Essential Elements of the Legal Status of Member of Parliament in Lithuania and Various Countries
Keywords:member of parliament, parliamentary legal status, parliamentary immunity, parliamentary indemnity/non-accountability, free representational parliamentary mandate, members of parliament rights and responsibilities, incompatibility of office
The nature of the parliamentary legal status has always been the subject of lively debate. This study focuses on the nature, duration and exercise of the parliamentary legal status. Providing certain special rights to members of parliament does not mean that they are above the law. Rather, it is a recognition of the fact that, given the importance and magnitude of the mandate entrusted to them by the sovereign people, they require some minimum guarantees to be able to discharge this mandate in an independent and unhindered fashion. This article is delivering a comparative analysis of the practice of Lithuania and various countries in terms of parliamentary legal status.

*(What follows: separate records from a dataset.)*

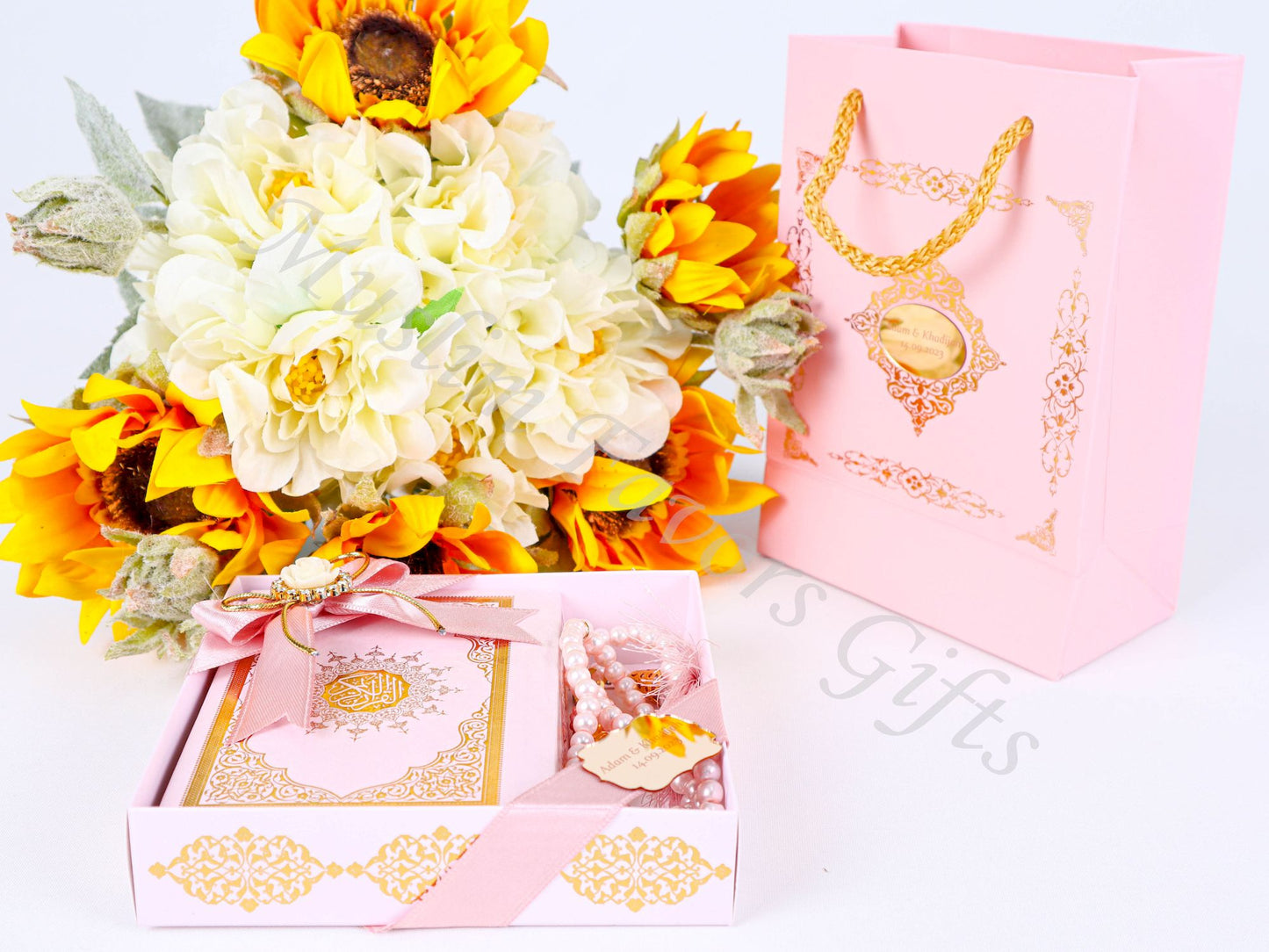 Personalized Quran Pearl Prayer Beads Islamic Muslim Wedding Gift Set - Islamic Elite Favors is a handmade gift shop offering a wide variety of unique and personalized gifts for all occasions. Whether you're looking for the perfect Ramadan, Eid, Hajj, wedding gift or something special for a birthday, baby shower or anniversary, we have something for everyone. High quality, made with love.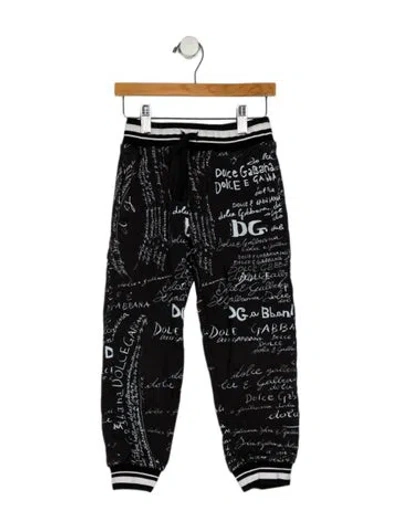 Pre-owned Dolce & Gabbana Babies' Girls' Black Pants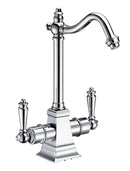 Whitehaus Point of Use Instant Hot/Cold Water Drinking Faucet with Traditional Swivel Spout
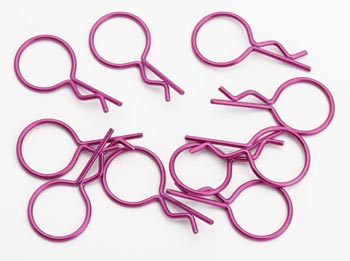 Bild p� T0422 - Body clips, stora, lila - 10 pack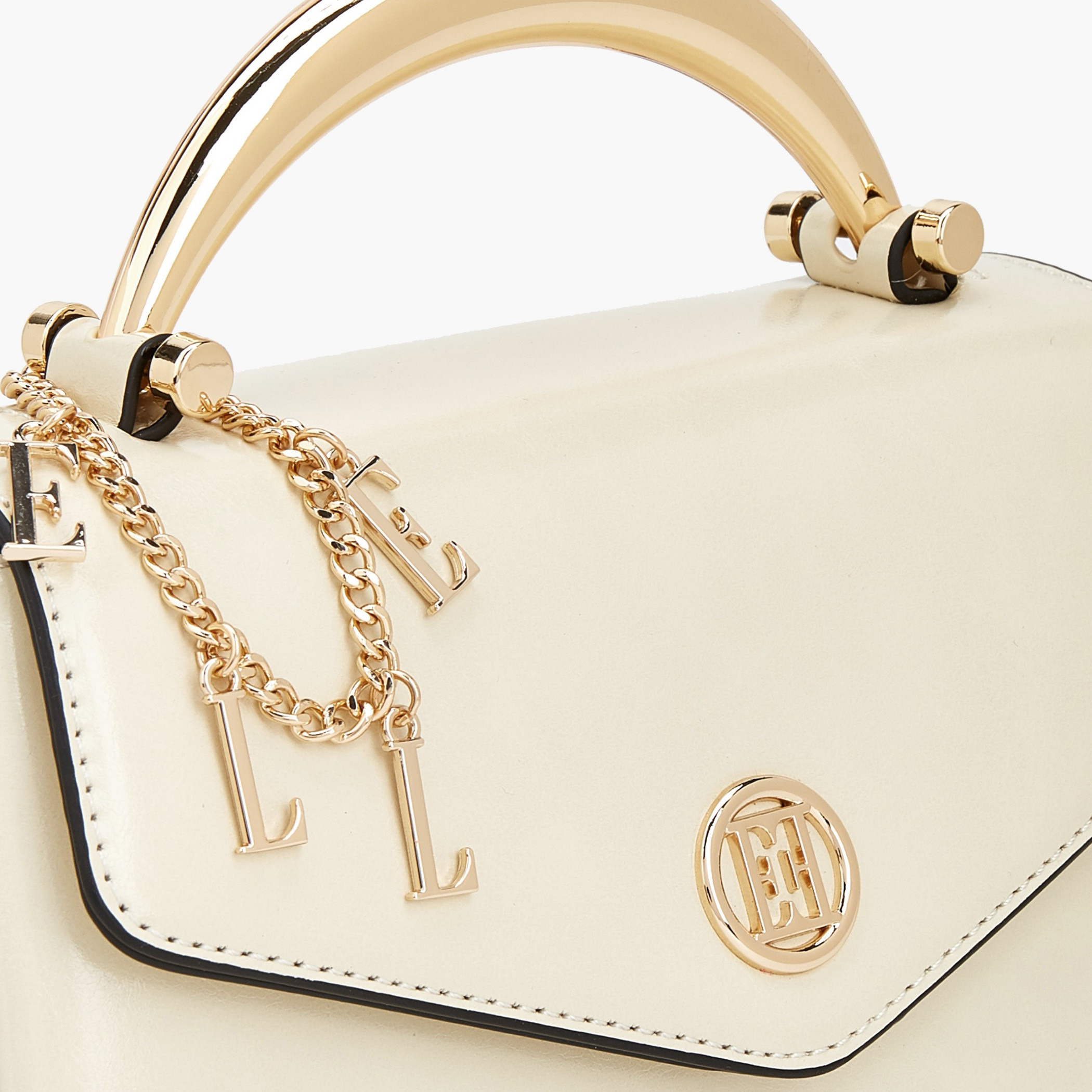 Elle Charm Detail Satchel Bag with Handle-women-bagsandwallets-handbags-image-4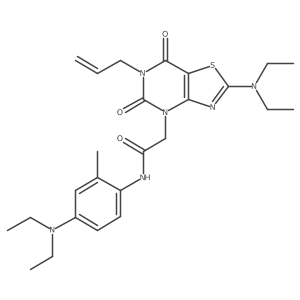 N-(4-fluoro-2-methylphenyl)-1-methyl-2,4-dioxo-3-(2-oxo-2-pyrrolidin-1-ylethyl)-1,2,3,4-tetrahydroquinazoline-6-sulfonamide结构式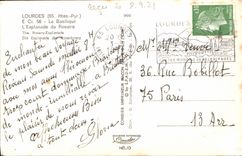 CPA Lourdes Htes Pyr La Basilique l'Esplanade du Rosaire 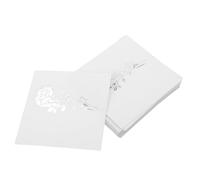DOITOOL 50pcs Wedding Place Cards Floral Rose Design Durable Paper Table Name Tags for Wedding Party Events Printable Blank Seating Cards for Elegant Table Setting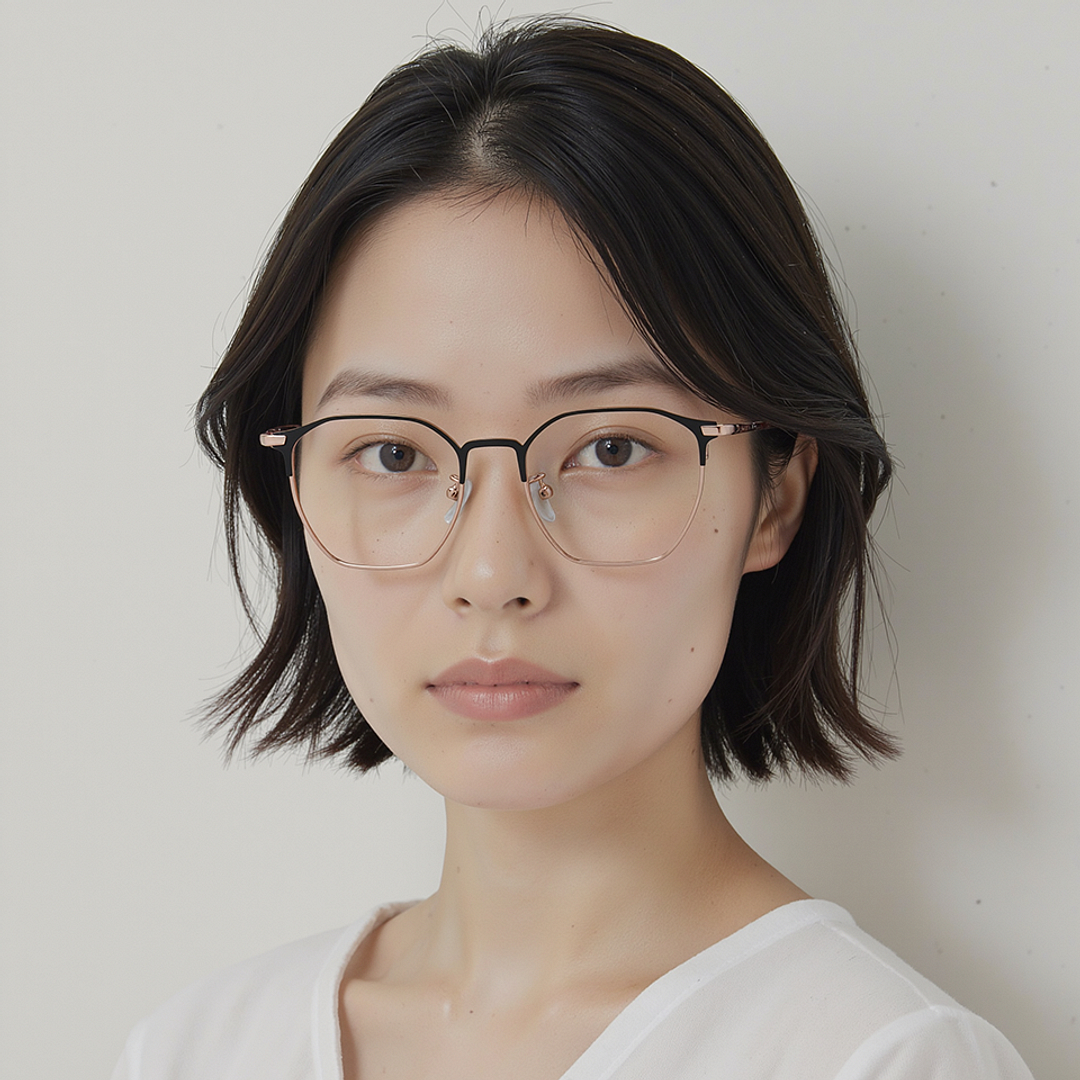 John Jacobs Gold Full Rim Clubmaster left side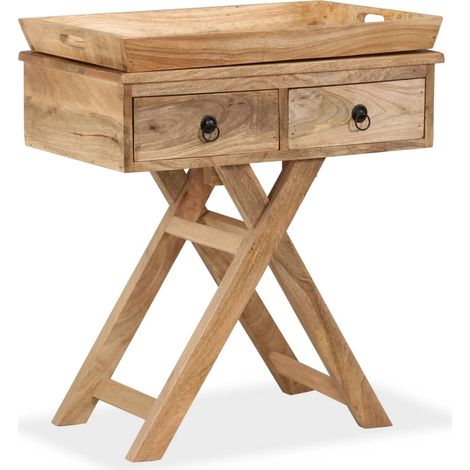 Table d'appoint et bout de canapé - Table Café Bois de manguier massif 65 x 40 x 76 cm BV783810 - BonneVie (1/5)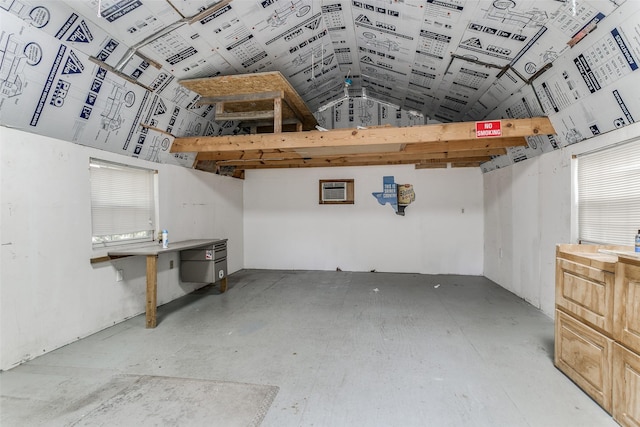 interior space featuring concrete flooring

The beginning of the mandate differs, but in most countries it coincides with the swearing-in ceremony. Mostly a mandate is representational, which means that elected representatives enjoy absolute independence vis-a-vis their electorate; in the majority of countries the imperative mandate is prohibited. Incompatibility of office is rather strictly regulated and the primary purpose of such incompatibility has been to ensure that members public or private occupations do not influence their role as representatives of the nation. In every country salaries and allowances form an integral part of members of parliament status.
Parliamentary non-accountability is undoubtedly one of the most effective means of ensuring the proper democratic functioning of parliamentary systems, since it provides members of parliament with protection against prosecution for words spoken or votes cast in parliament. Unlike parliamentary non-accountability, parliamentary immunity, which is defined as the protection of parliamentarians against civil and/or criminal proceedings for acts carried out in the performance of their duties, is a privilege. The duration of the parliamentary mandate is also related to the concept of representative democracy. Although most countries allow parliamentarians to terminate their mandates, there are also cases in which mandates may be lost involuntarily.